Another aspect she has not mentioned in her article is the fact that Turkey is 130th among 145 countries in the 2015 Gender Gap report of World Economic Forum.
She has not written about the 14.7 percent of female parliamentary deputies, 2.7 percent of female mayors and the group of village and neighborhood heads the president frequently hosts in the palace, only 1.3 percent of which are women.
Similarly, only 2.4 percent of governors are women, while 9.5 percent of university rectors are women and only 14.3 percent of ambassadors are women.
In Turkey, woman seems to be excluded from management in every sector.
The UNESCO L’Oreal ceremony’s motto was “The world needs science and science needs women.”
The same goes for Turkey. Empowering women makes a country leap. However, the government’s dealing of the women’s issues in Turkey is highly ambiguous.
I felt the need to use the adjective ambiguous, the one that foreign sources use for Turkey’s Syrian policies.
Because when I hear Family and Social Policies Minister Ramazanoğlu referring to the concept of “gender justice” instead of gender equality, I can only think of this adjective.
Wherever you go in the world, you can find the concept of gender equality in terminology and literature on women issues. In politics, in business and social life, in science, in all fields of art, the equality between women and men is defined as gender equality, full stop.
When I asked Ramazanoğlu in a meeting about two months ago what gender justice was, she told me, “We have adopted this concept because we want the opportunities between women and men to be distributed fairly and justly.”
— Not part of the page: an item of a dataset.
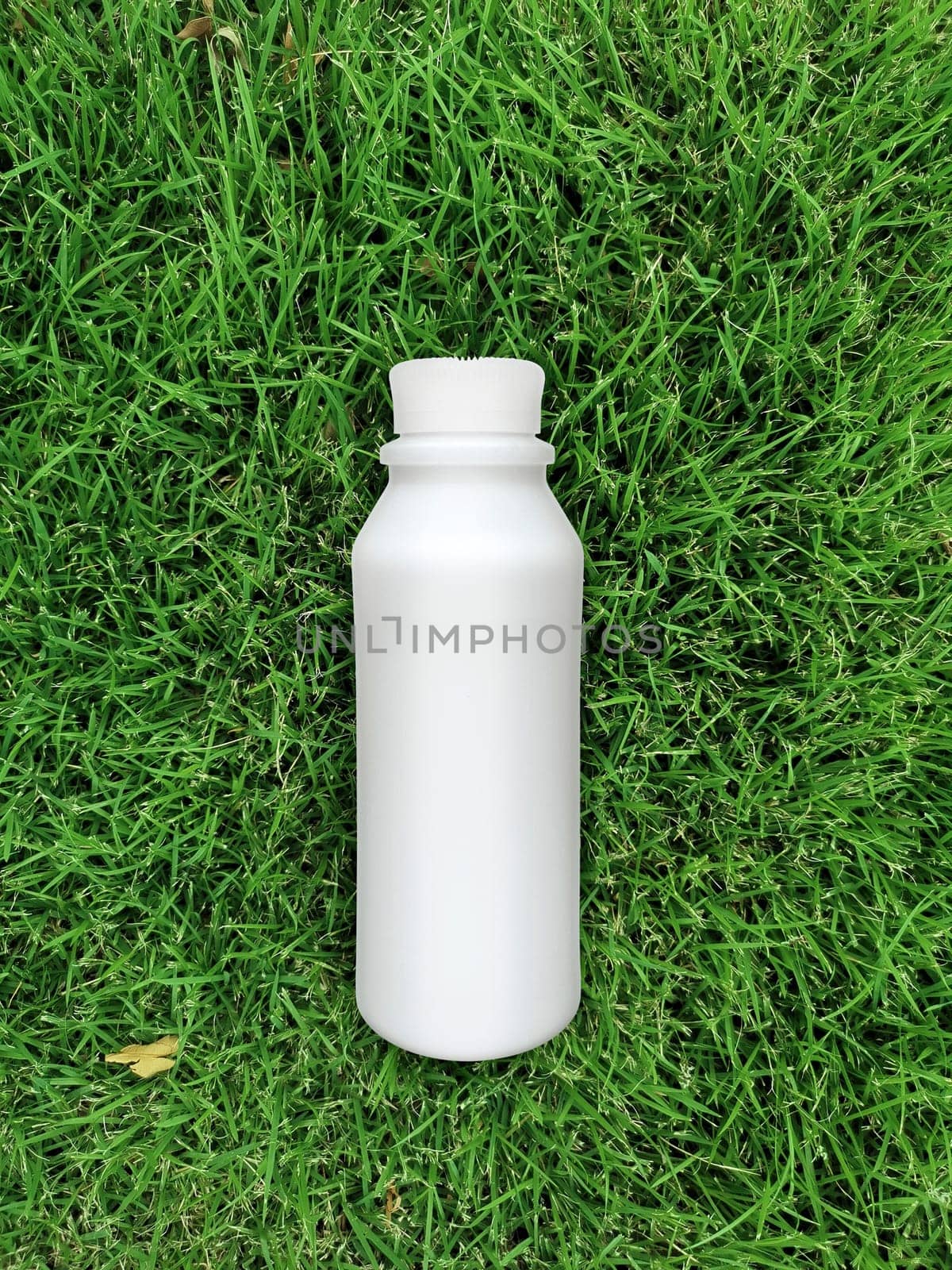 top view of milk bottle on the grass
Quite an ambiguous answer.
If this is truly the wish, then why are there so few women in the public sector?
In that same meeting, Ramazanoğlu said they have introduced flexible working hours for women to increase the amount of women employed.
Women’s Labor and Employment Initiative (KEİG) claims that the flexible working hours Ramazanoğlu has mentioned (in other words, part-time work hours) will negatively affect the employment of women as public employees and workers.
The situation in the pending bills on women’s employment and violence against women is just as ambiguous as “gender justice.”